In 2004 there were over 43 000 people killed on the roads of the 25 Member States of the European Union (EU), additionally around 3.3 million people were injured. The costs to society exceeded Euros 180 billion which is around twice the annual budget of the European Commission and 2 % of EU GDP.
The EU target of a 50 % reduction in fatalities by 2010 will only be achieved by the introduction of the most effective countermeasures. It relies on the existence of basic knowledge of crashes and their causation and the availability of road safety data to monitor and assess performance. In its 2002 White Paper (as well as other public documents), the European Commission expressed the demand for a 'Road safety observatory'.
The Safetynet project meets those demands. The data resources developed within Safetynet are intended to revolutionise the EU approaches to road safety.
The 'Road safety observatory' will enable the Commission to monitor progress towards targets, identify best practise, and ensure that new regulatory and other safety actions will result in the maximum casualty reduction. All data assembled or gathered within the project will be available over the web to the entire road safety community.
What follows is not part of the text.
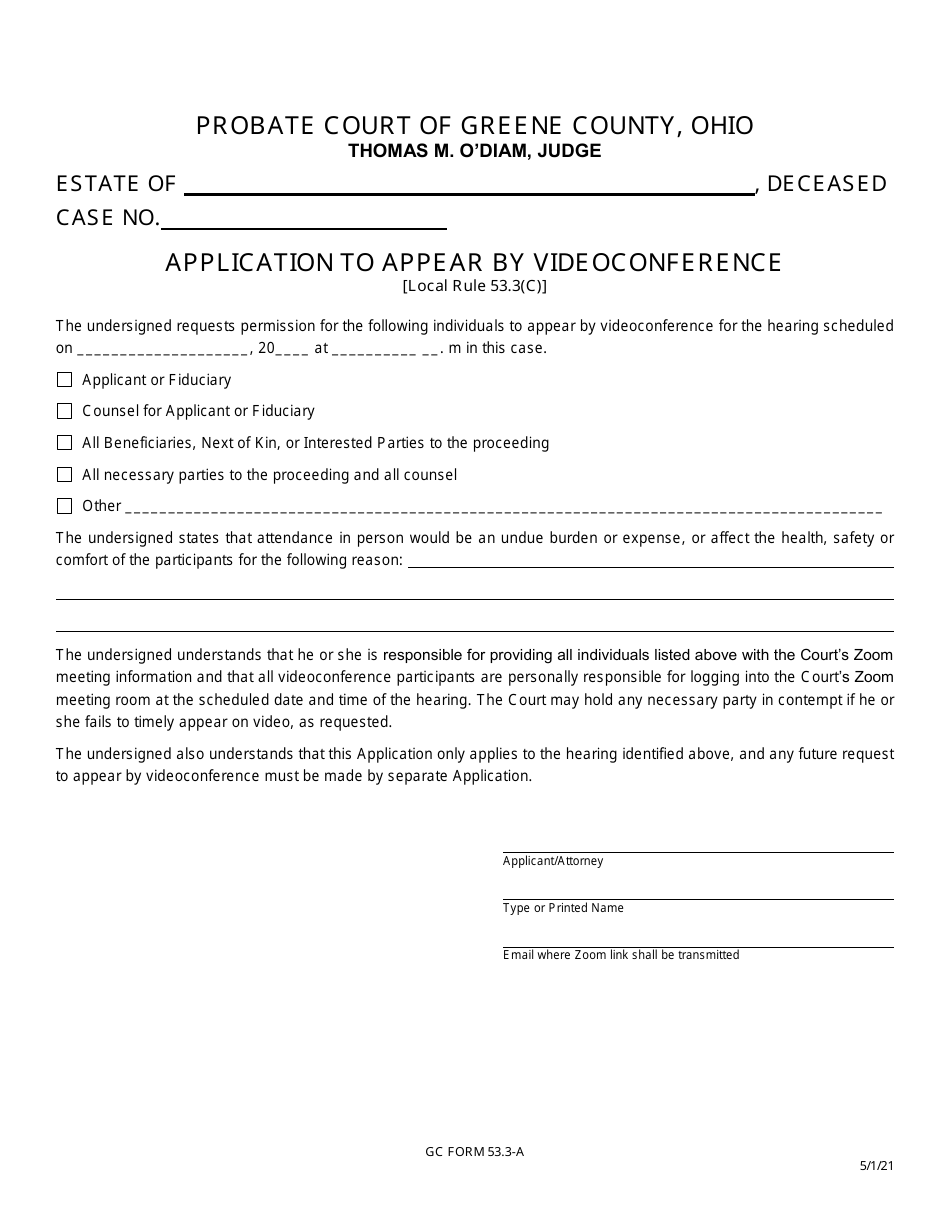 GC Form 53.3-A Application to Appear by Videoconference - Estate Administration - Greene County, Ohio, Page 1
The first major result was mainly concerned with setting up a comprehensive and relevant statistical framework for road accident data collection among the EU countries. This allowed for compatible statistics from the EU-25 Member States, as well as assisting New Member States to make their national accident data compatible with the CARE system: development of appropriate statistical outputs based on CARE data, establishment of a common accident data collection set and methodology and estimation of the real number of road accident casualties. In this setting, the Safetynet project made the CARE system a reference point for road safety analysis in Europe. More specifically, Safetynet developed a methodology development report detailing the task of setting up a fatal accident data collection routine in the seven EU partner countries.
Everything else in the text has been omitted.